State Superintendent appoints Digital Learning Advisory Council

MADISON — State Superintendent Tony Evers has appointed a Digital Learning Advisory Council which is working to coordinate the approach to technology by Wisconsin’s entire education community—from teachers and district administrators, to private vendors, technical and four-year colleges.
“We've reached a point in education where skillful use of technology will have enormous payoffs in terms of every child’s readiness for further education and the workforce," explained State Superintendent Tony Evers.
“The work of my Digital Learning Advisory Council will guide us so we can deploy technology in the best way possible to advance student learning and make schools more efficient.”
The council is crafting a digital learning plan that will serve as a blueprint for schools and their partners,
such as public libraries, community organizations, and local employers, to follow in order to maximize the impact of their work—not only in making learning more meaningful and relevant for students, but also more accessible for economically disadvantaged students and more cost-effective for school districts.
The council includes teachers, technology specialists, and other representatives from public and private
schools, school districts, libraries, higher education institutions, and industry. The co-chairs are Connie Erickson,
director, Cooperative Educational Service Agency 11, and Mike Kerr, executive director, Wisconsin Technology Initiative. The group expects to consult with educational technology vendors as it progresses in its work. Among the elements the council is likely to consider including in its final plan are:
• Leveraging technology for innovative instruction such as the “flipped classroom” model (where
students listen to recorded lectures as their homework, while traditional “homework” is instead done in class, allowing teachers to spend more time supporting and observing students at work)

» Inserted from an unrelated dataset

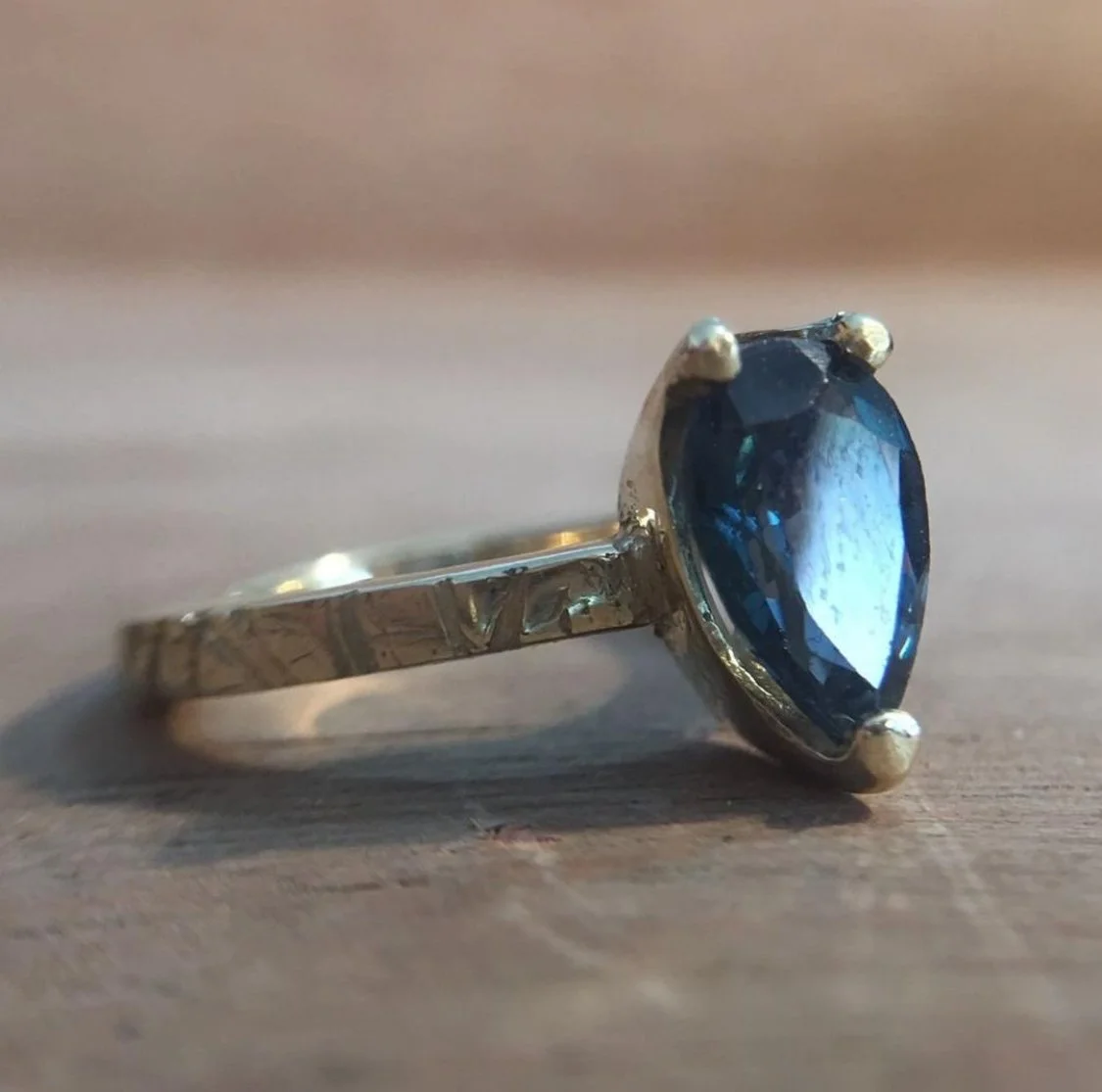 Anillo de plata con una piedra azul brillante en el centro.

• Personalizing learning through technology that allows students to learn at their own pace and prove their mastery in multiple ways, reducing the need for “seat time” as a crude measure of student engagement
• Giving students 21st century methods to learn 21st century skills—for example, using a cloudbased application like Google Docs to practice collaborating with others
• Providing expert guidance to schools on infrastructure issues like wiring or network security, to ensure they get the most performance out of current equipment
• Coordinating a statewide educational resource portal available to any educator from his or her computer
• Ensuring broadband Internet access for economically disadvantaged students outside of class, through such solutions as expanded school hours, library and community partnerships, or programs modeled on the Comcast Internet Essentials and Connect to Complete partnerships which give discounted services and computers to families whose children qualify for free or reduced lunch
• Advocating that both teacher preparation programs and teacher licensing policies better address virtual learning methods
• Recommending school policies that allow students to utilize their own electronic devices for work purposes, as many workplaces do
Many of the plan’s elements are likely to connect with other current initiatives to ensure every child a graduate ready for further education and the workforce—initiatives like Response to Intervention (a systemic approach to making sure every student has an opportunity to succeed); implementation of the Common Core State Standards in mathematics and English language arts; or the state’s work to create a new, balanced assessment system.
“We are transforming the way schools work,” Evers noted. “Most of these goals aren’t easily attained without very deliberate use of technology as part of the plan. Whether it’s preparing students for the workforce, tapping into a rich source of student data, individualizing a child’s education experience, or saving precious time for educators, students and teachers need modern tools to succeed.”
He added, “It doesn’t make sense for school districts or their partners to use their individual resources to duplicate front-end research or develop multiple, similar approaches to similar problems. That’s where a statewide plan comes in.”
The State Superintendent’s Digital Learning Advisory Council has been meeting since April and expects to complete its work in early 2012.